- [Activity]
Of the lines in the data below, write out exactly those from the one holding "Bibliotecă, stejar artizanal, 90x28x90" through the one holding "Plitvice Autumn Stream Wall Art", both included.

### Data to use ###

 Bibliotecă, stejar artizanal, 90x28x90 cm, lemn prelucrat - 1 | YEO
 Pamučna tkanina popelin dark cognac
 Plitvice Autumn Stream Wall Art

###
### Data to use ###

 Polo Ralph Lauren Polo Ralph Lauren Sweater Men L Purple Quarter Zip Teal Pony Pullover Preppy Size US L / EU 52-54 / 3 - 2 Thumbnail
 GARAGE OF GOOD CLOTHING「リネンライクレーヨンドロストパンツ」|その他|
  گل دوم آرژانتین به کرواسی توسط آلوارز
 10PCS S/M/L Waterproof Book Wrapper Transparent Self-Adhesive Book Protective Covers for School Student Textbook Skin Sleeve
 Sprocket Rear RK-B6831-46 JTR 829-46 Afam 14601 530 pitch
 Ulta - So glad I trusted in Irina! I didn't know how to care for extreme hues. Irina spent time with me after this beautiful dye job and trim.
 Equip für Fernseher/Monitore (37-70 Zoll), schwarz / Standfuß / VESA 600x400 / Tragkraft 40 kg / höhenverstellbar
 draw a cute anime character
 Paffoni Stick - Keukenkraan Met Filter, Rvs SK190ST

###

- [Exercise result]
 Bibliotecă, stejar artizanal, 90x28x90 cm, lemn prelucrat - 1 | YEO
 Pamučna tkanina popelin dark cognac
 Plitvice Autumn Stream Wall Art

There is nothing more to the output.